FIG. 4 is a perspective view of the plug connector 102 of FIG. 3A shown without electrical devices 110 and 112 and receptacle connector 1100. As shown, slots 107 are formed in the housing 105 that contain and align the lead assemblies 108 therein. In one embodiment, the housing 105 is made of plastic, however, any suitable material may be used without departing from the scope of the invention. FIG. 4 also shows connection pins 130, 132. Connection pins 130 connect connector 102 to electrical device 112. Connection pins 132 electrically connect connector 102 to electrical device 110 via receptacle connector 1100. Connection pins 142 may be adapted to provide through-mount or surface-mount connections to an electrical device (not shown).

FIG. 5 is a side view of plug connector 102 as shown in FIG. 4. As shown, in this configuration, the terminals (i.e., that portion of the contact that is mated with another connector or device) of the contacts 132 used to connect to receptacle connector 1100 vary in length, i.e. the terminals extend in varied lengths from the end of the housing 105. For example, as shown, ground terminals 132B extend a greater distance from housing 105 than signal terminals 132A. During the mating of the plug connector 102 to receptacle connector 1100, such configuration provides that the longer ground terminals 132B on plug 102 will mate with the corresponding ground terminals 1175B on the receptacle connector 1100 before the shorter signal terminals 132A mate with the corresponding signal terminals 1175A on the receptacle connector 1100. Such a configuration can be used to ensure that signal integrity is maintained when the plug 102 is mated with the receptacle connector 1100.

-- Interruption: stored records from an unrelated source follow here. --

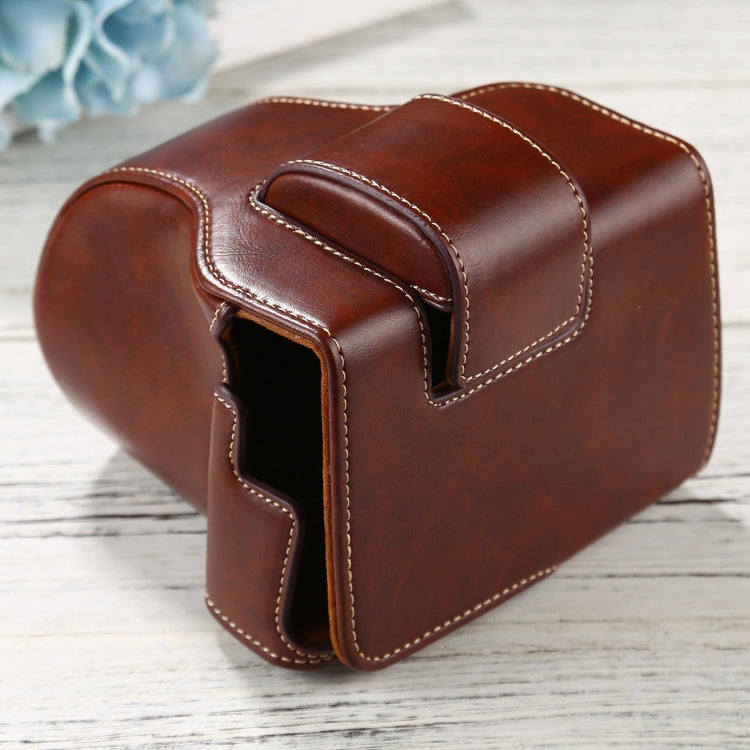 PU Leather Camera Full Body Case Bag with Strap for FUJIFILM X-T200 (15-45mm Lens)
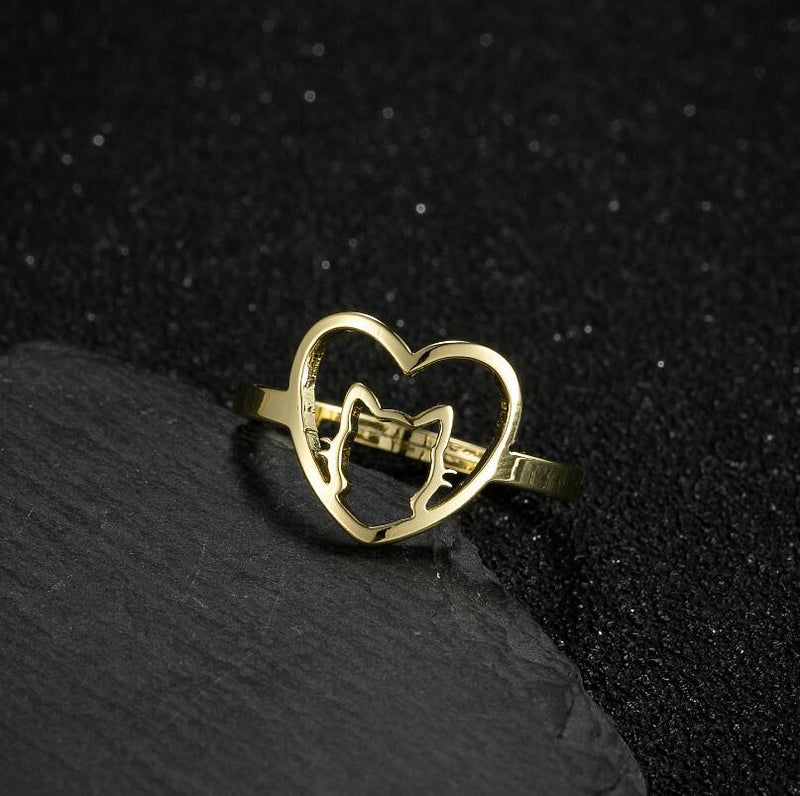 Korean simple hollow geometric love ring, girls cute pet cat ring wholesale - wallojewerly 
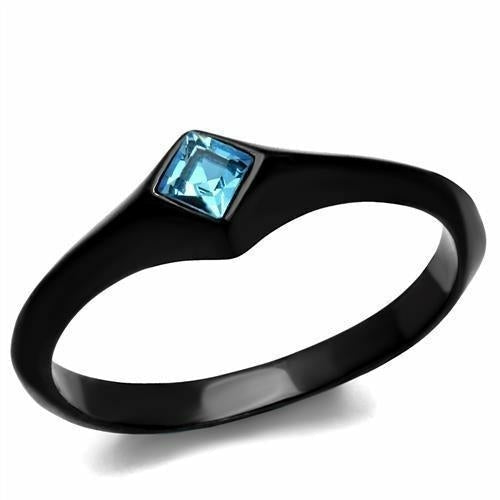 IP Black Stainless Steel Ring with Top Grade Crystal - Sea Blue Color, Ships in 1 Day - Jewelry & Watches - Bijou Her - Size -  - 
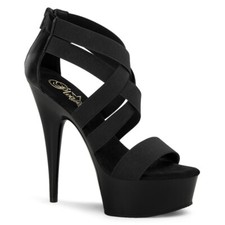 Black Platform Stiletto Criss Cross High Heel Stripper Shoes Pleaser Delight-669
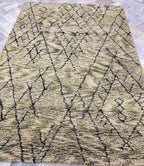 Hand Tufted Moroccan Style Shag 5.2x8 Rug | Olive green with Black Geometric Lines | Plush Wool Feel Area Rug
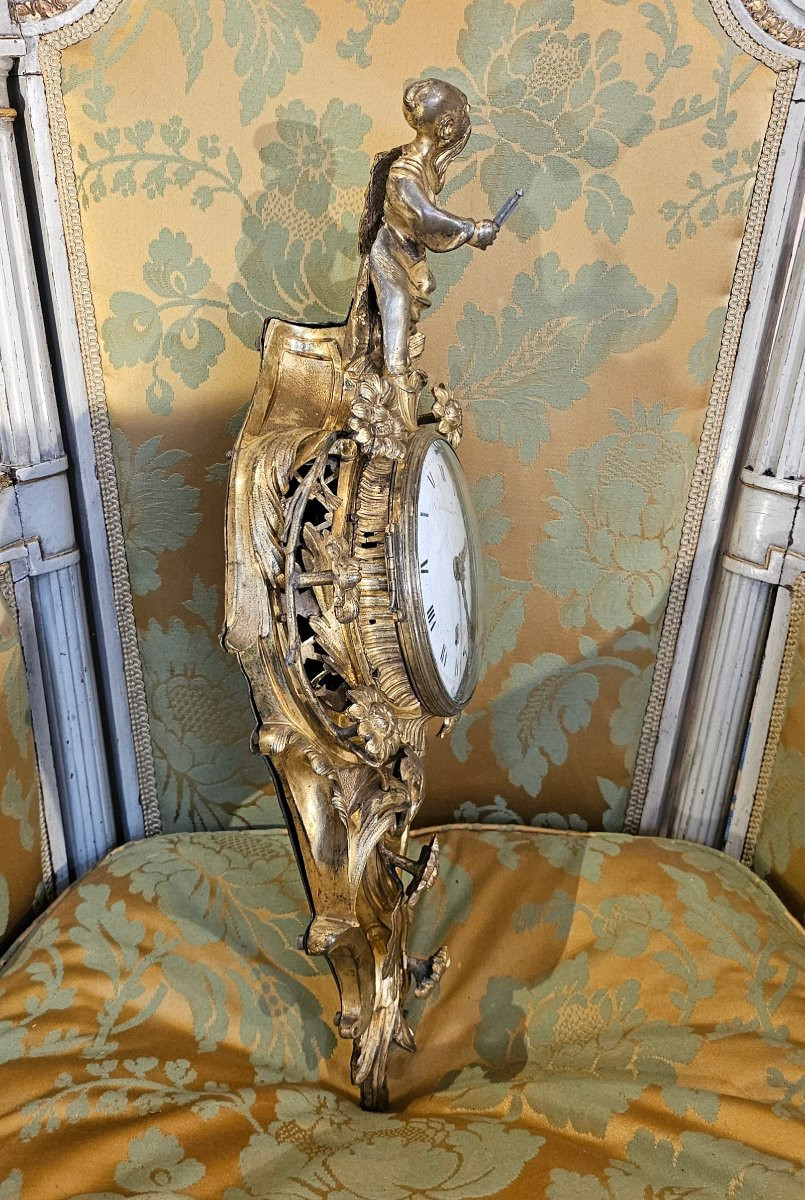Gilt Bronze Alcove Cartel Clock, Louis XV Period-photo-1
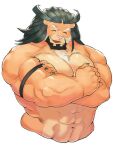  abs anthro arsalan beard chest_tuft crossed_arms eyes_closed facial_hair felid green_hair hair hi_res ituduki_aaa lifewonders lion male mammal mane muscular muscular_arms muscular_male navel pantherine pecs sideburns smile solo tokyo_afterschool_summoners tuft video_games 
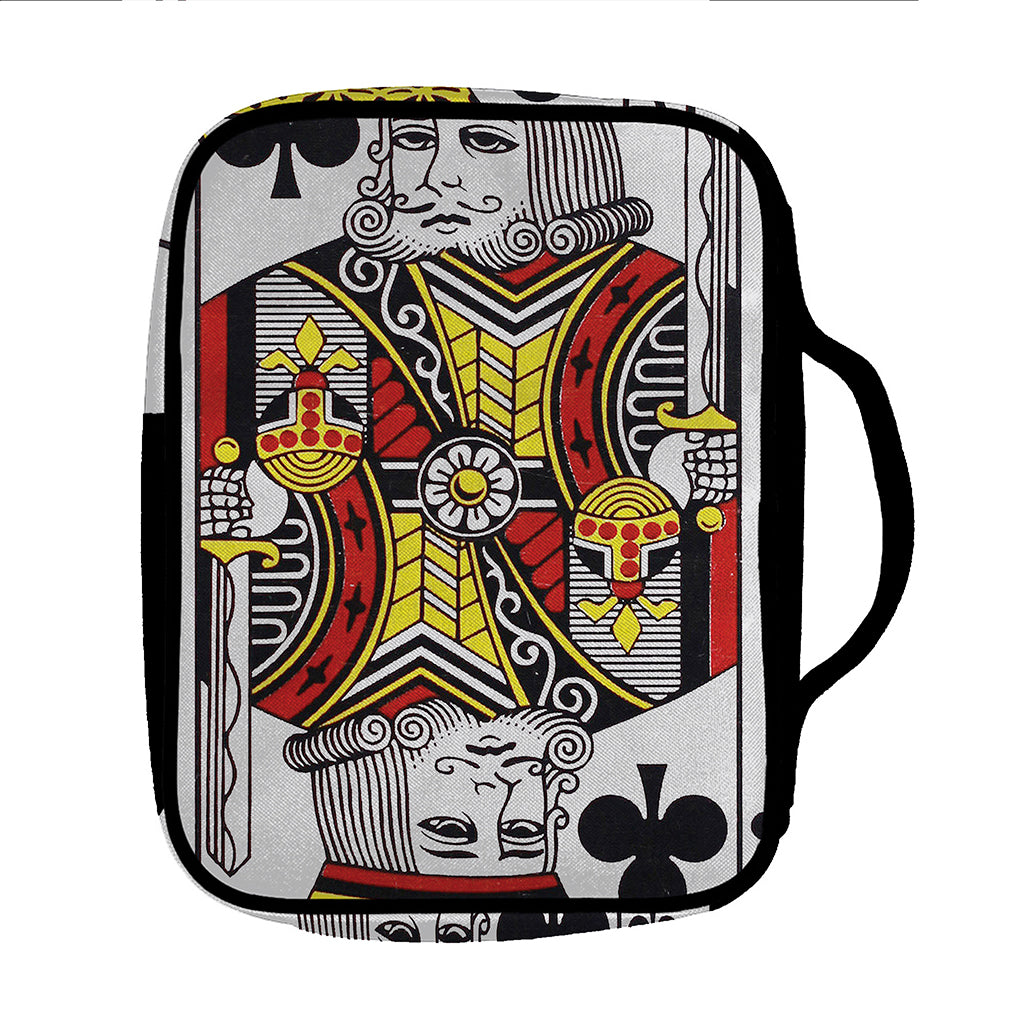 King Of Clubs Playing Card Print Front Pocket Bible Bag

FIGS. 6 and 7 are a perspective view and side view, respectively, of the receptacle connector 1100 of the backplane system shown in FIG. 3A. In this manner, the receptacle connector 1100 may be mated with the plug connector 102 (as shown in FIG. 3A) and used to connect two electrical devices. Specifically, connection pins or contact terminals 133 (as shown in FIG. 3) may be inserted into, for example, vias (not shown) on device 110 to electrically connect the plug connector 102 to device 110. In another embodiment of the invention, the connection pins 133 may be eye-of-the-needle pins for use in press-fit applications or a surface mount configuration.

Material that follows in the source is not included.